Deep-Learning System Can Feasibly Detect Retinal Lesions

Retinal Detachment
Large Rip And Detachment Of Retina. (Photo By BSIP/UIG Via Getty Images)
Researchers train artificial intelligence to recognize retinal breaks and detachment in tessellated eyes.

Using ultrawide-field images in a deep-learning system works to detect lattice degeneration, retinal breaks, and retinal detachment in tessellated eyes, according to a study published in Graefe’s Archive for Clinical and Experimental Ophthalmology.

In addition, the system might work for screening and telemedicine needs, researchers report. It also can be used in patients who cannot tolerate pupil dilation.

The pilot study was designed to investigate 3 retinal lesions in tessellated eyes with an ultrawide-field fundus imaging system using convolutional neural network technology. The 1500 color images were evaluated by 3 retinal investigators for tessellated fundus confirmation and assessment of peripheral retinal lesion (lattice degeneration, retinal breaks, and retinal detachment).

Of those images, 722 were used to train and verify the combined deep-learning system. A test set of 189 images verified performance, comparing it to the reference standard.

Researchers found that referral accuracy of the system was 79.8% compared with the reference standard.

“With optimal preprocessing approach (original resizing method for lattice degeneration and retinal detachment, cropping method for retinal breaks), the combined deep-learning system exhibited an area under curve of 0.888, 0.953, and 1.000 for detection of lattice degeneration, retinal breaks, and retinal detachment respectively in tessellated eyes,” the study says.

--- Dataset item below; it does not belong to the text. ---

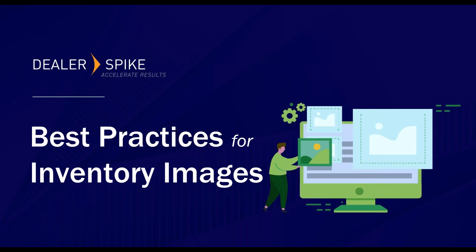Good morning dealers, thank you for joining us today. We are excited to share more ways to increase your dealership success online. My name is Haley Holland, I'm the marketing programs manager here at Dealer Spike. Today my co-host and I will be diving into best practices for inventory images, how the industry will continue to see a massive increase in e-commerce, and what you can do with your images to see the best ROI.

The study’s  limitations include its pilot study design, relative small dataset, the fact it was not validated by an independent external dataset, only 3 target retinal lesions were included, and unclear images from vitreous hemorrhage or cataracts were excluded. And while the ultrawide-field imaging technology can capture up to 200 °, peripheral regions — especially those superior and inferior peripheral areas hidden by eyelids and eyelashes — are not covered, according to the report.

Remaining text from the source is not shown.